Then, in step S140, the coordinate transformation unit is applied to the first ROI information, and the second ROI information about the subject at the second time point is calculated. More specifically, for example, by applying the calculated coordinate conversion means to the already acquired first ROI information (FIG. 4 (c)), second ROI information for the subject at the second time point (Fig. 4 (f)). Here, the second ROI information is information indicating a shape of a region of interest (ROI) of the subject at the second time point.

Further, in the method of setting a region of interest according to an embodiment of the present invention, a step of recommending a region of interest for the subject to the user of the region-of-interest setting system using the first region of interest information calculated at the first time point . Accordingly, the user can easily set a region of interest for the subject through a process of accepting or modifying the recommended region of interest. Then, by passing through the series of steps using the first ROI information that has been accepted or modified, it is possible to more conveniently calculate the second ROI information at the second time point for the subject, The efficiency of operation can be improved.
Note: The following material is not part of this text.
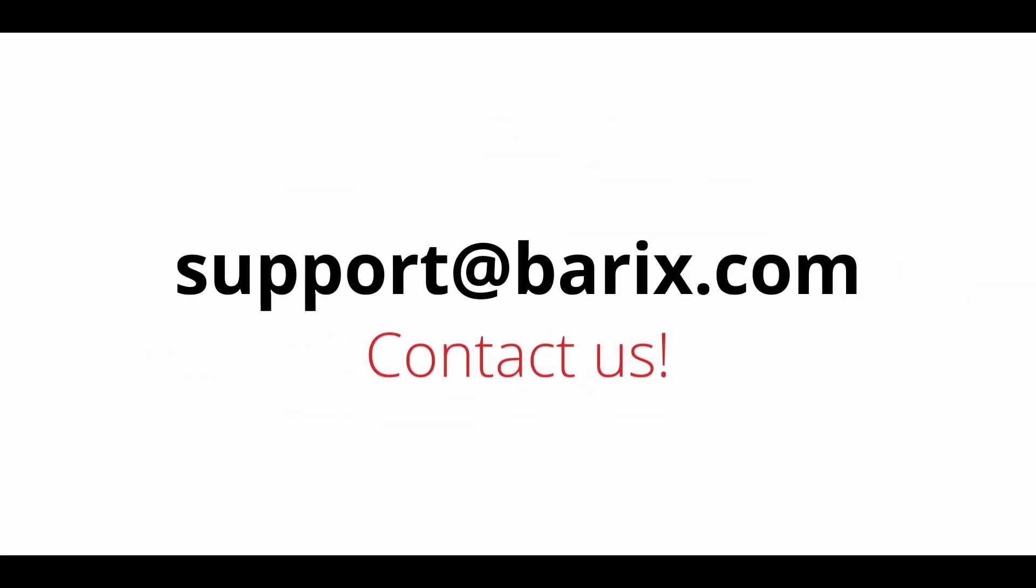Contact us at support@barix.com and Barix Experts will help you build a solution that meets all your requirements.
Further, in the method of setting a region of interest according to an embodiment of the present invention, performing a tomography for a second region of interest of the subject at the second time point using the calculated second region of interest information . More specifically, FIG. 5 shows a tomographic image (FIG. 5 (b)) for the region of interest calculated through tomography for the subject (FIG. 5 (a)).

As shown in FIG. 6, when the position of the subject is changed even if the shape of the subject is the same, it is possible to set the region of interest The shape of the X-ray beam to be irradiated on the specimen is changed, and the region of interest information on the inspected object also changes. In this case as well, by applying the ROI setting method according to an embodiment of the present invention, it is possible to calculate the second ROI information about the subject at the second time point.
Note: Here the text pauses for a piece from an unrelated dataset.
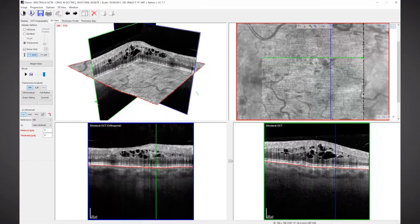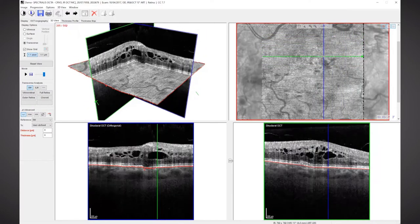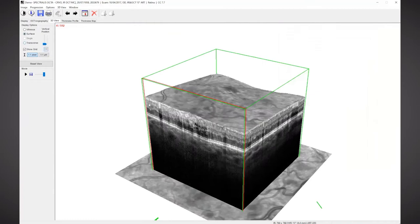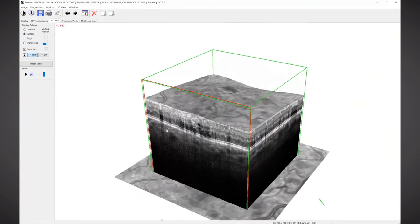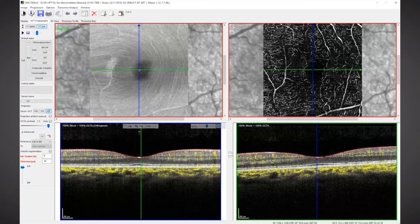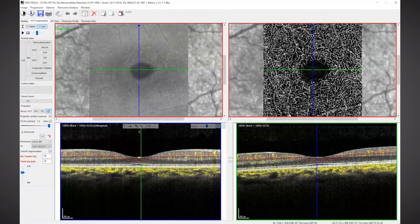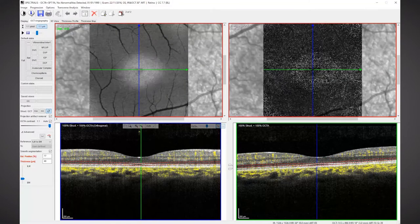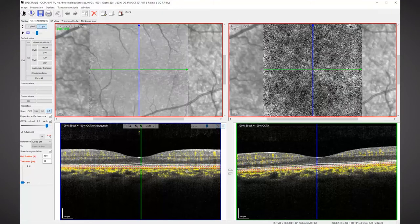It's important to understand that this is a three-dimensional data set — it's not like an FA, which is a two-dimensional imaging mode. There are some key technical components necessary in order to obtain reliable and reproducible OCT angiography information. You need the resolution within your OCTA to be able to monitor correctly the amount of flow through the capillaries.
More specifically, for example, FIG. 6A shows the position of the subject (and the region of interest) at the first time point, and FIG. 6B shows the position of the subject (and the region of interest) The first surface shape information for the inspected object collected at the first viewpoint may be converted into the second viewpoint information for the inspected object at the second viewpoint by comparing the second surface shape information with respect to the inspected object at the second viewpoint, Calculating a matrix and applying the calculated coordinate transformation matrix to the first region of interest information on the subject at the first time point to obtain the first region of interest information about the subject at the second time point, 2 region of interest can be calculated.
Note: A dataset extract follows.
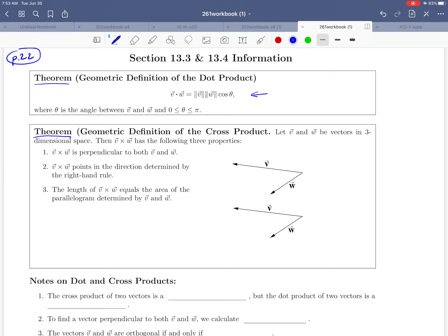We come to the next theorem, which we'll call the geometric definition of the cross product — a way of exploring what geometrically a cross product is telling us. We take two vectors V and W in three-dimensional space, and we can describe the cross product V cross W as having three properties. The first property is that V cross W is always perpendicular to both V and W — we mentioned that in the previous example.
Furthermore, the ROI setting method according to an embodiment of the present invention can also be applied to a case where the shape and position of the subject are simultaneously changed.

According to another aspect of the present invention, there is provided a method of setting a region of interest, the method comprising: obtaining projection data for a second region of interest on the subject at the second time point and projection data for a first region of interest And reconstructing the tomographic image at the second time point with respect to the subject using the projection data for the outer region of the region.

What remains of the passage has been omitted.